Horace Day
Horace Day (1909-1984)

Artist Horace Day at Palisades Reservoir, Idaho
Artist Horace Day at Palisades Reservoir, Idaho

Unlike most of the other artists commissioned by the Bureau of Reclamation, Horace Day was born abroad, in China in 1909 to missionary parents. He was self taught until he came to the United States at age 18 and enrolled in the Art Students League. He studied with Boardman Robinson, Kimon Nicholaides, and Kenneth Hayes Miller. Before the U.S. became involved in WWII, he was the first director of the Herbert Institute of Art in Augusta, Georgia. Upon America's entry into the war, Day prepared maps for the 86th division staff as well as painting and sketching his impressions of war from the point of view of an enlisted soldier. Although he painted during his tour of duty, he was not involved in the Armed Forces art program until after the war, when he was assigned to the Army historical section. After the war, he was a professor at Mary Baldwin College and director of the Saint-Memin gallery in Alexandria, Virginia. In addition to the Bureau of Reclamation commission, he painted a mural in the Clinton, Texas U.S. Post Office. Horace Day died in 1984.

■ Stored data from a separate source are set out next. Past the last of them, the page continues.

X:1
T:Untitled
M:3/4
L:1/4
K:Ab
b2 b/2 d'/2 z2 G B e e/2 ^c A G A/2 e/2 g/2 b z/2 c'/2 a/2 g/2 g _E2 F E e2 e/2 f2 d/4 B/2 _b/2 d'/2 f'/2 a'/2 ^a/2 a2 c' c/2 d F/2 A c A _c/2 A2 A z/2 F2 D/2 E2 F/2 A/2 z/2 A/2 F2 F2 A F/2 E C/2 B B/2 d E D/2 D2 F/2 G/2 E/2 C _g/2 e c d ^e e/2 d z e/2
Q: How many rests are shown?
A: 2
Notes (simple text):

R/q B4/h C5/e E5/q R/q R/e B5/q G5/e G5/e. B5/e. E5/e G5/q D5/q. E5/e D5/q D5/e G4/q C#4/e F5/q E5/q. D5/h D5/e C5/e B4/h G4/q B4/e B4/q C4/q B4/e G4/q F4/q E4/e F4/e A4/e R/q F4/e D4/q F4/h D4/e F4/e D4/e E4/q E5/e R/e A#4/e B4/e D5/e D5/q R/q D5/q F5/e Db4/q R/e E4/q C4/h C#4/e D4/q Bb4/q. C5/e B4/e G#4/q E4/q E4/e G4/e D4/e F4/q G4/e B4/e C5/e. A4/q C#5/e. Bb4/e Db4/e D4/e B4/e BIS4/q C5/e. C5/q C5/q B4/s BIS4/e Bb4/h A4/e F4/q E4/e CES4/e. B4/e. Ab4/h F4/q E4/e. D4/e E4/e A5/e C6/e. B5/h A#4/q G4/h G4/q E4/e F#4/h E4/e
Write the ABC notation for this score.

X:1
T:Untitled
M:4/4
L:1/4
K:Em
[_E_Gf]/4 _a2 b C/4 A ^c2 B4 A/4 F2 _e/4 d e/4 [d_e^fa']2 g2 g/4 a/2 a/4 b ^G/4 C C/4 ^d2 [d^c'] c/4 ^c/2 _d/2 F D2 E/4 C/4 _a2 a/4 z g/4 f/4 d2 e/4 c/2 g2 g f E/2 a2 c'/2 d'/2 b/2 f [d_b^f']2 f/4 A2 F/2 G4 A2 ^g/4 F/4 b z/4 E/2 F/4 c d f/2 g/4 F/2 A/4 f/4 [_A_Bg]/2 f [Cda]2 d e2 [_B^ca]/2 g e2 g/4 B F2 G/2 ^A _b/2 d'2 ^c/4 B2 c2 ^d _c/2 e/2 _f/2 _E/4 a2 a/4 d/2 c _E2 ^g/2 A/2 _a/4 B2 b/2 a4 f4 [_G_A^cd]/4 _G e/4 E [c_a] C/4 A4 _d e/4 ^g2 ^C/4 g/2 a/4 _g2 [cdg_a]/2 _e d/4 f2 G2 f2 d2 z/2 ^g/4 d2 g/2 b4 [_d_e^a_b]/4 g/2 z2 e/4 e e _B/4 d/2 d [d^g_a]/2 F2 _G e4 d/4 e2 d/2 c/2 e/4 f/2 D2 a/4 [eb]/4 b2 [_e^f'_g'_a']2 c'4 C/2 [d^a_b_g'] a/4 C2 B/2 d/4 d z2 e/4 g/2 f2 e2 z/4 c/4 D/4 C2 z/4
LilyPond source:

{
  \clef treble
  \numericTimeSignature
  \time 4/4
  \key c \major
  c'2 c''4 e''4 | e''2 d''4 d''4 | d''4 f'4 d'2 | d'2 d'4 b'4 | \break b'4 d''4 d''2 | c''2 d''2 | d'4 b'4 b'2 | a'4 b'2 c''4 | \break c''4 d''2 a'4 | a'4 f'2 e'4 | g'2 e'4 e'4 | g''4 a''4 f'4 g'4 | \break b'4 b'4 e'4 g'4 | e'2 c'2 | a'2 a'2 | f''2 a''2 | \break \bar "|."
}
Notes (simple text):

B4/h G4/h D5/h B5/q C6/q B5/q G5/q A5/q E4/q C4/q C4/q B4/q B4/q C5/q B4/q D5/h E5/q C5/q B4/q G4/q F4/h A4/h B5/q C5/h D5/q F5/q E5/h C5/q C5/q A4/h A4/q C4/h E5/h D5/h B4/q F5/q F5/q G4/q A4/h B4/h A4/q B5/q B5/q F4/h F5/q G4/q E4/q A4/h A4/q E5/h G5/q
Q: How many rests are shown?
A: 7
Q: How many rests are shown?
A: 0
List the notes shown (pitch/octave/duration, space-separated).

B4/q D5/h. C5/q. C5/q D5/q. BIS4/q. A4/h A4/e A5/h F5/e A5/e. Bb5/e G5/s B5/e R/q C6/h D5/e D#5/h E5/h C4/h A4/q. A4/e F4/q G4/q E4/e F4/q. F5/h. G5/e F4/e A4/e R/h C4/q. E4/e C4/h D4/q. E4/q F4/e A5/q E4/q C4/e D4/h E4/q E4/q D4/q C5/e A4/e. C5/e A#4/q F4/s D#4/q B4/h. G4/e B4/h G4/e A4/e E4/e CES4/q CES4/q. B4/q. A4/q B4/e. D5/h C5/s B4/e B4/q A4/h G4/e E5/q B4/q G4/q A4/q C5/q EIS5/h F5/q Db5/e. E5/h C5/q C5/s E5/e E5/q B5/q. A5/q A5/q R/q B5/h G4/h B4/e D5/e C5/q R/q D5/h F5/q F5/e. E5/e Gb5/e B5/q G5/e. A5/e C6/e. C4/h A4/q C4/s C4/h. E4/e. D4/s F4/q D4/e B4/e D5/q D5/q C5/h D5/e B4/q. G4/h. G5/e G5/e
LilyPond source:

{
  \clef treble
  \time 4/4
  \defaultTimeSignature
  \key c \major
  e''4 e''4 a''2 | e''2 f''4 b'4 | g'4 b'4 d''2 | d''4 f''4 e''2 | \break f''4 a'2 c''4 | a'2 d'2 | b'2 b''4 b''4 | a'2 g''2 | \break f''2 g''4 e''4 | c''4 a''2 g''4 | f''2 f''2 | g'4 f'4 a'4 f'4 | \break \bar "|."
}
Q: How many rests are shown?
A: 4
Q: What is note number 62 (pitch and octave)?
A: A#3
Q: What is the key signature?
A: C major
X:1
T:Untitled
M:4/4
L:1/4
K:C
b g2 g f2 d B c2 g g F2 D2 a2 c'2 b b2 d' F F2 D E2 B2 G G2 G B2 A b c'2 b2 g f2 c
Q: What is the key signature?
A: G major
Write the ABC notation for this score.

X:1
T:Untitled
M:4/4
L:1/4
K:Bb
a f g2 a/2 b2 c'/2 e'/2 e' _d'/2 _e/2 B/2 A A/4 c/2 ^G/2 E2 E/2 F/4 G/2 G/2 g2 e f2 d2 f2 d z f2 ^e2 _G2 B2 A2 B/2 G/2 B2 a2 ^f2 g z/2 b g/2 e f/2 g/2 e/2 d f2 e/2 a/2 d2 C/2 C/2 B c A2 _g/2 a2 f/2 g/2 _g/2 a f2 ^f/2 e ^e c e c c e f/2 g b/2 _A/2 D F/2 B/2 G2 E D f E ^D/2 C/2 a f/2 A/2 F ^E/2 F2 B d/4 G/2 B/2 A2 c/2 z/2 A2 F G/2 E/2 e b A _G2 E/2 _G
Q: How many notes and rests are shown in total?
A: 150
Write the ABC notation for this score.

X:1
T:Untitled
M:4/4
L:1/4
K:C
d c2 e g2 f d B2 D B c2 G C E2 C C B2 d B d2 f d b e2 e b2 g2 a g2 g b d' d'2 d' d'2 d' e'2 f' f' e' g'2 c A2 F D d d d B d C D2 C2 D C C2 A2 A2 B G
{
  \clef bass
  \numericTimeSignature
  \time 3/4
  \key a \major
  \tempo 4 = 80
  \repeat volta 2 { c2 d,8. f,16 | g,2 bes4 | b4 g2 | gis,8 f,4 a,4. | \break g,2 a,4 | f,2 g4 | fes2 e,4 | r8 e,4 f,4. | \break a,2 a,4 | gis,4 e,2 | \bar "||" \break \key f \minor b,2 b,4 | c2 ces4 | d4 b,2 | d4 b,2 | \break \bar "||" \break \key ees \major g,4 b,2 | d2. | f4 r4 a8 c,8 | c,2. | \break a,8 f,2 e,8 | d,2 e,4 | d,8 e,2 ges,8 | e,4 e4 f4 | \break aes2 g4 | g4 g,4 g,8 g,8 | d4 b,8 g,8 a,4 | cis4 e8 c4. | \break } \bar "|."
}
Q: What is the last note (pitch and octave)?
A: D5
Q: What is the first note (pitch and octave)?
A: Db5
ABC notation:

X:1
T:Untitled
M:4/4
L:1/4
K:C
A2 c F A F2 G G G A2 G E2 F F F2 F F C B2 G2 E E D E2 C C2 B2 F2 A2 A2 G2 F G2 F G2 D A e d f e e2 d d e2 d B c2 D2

Horace Day called himself a regional painter, interested in depicting the scenery of his adopted South. The style he chose to portray the landscapes and people of the South was a brand of Romantic Realism influenced by Claude Lorraine and Jacob van Ruysdael. He primarily worked outside, as a plain air painter, using quick impressionistic brush strokes to record the scene.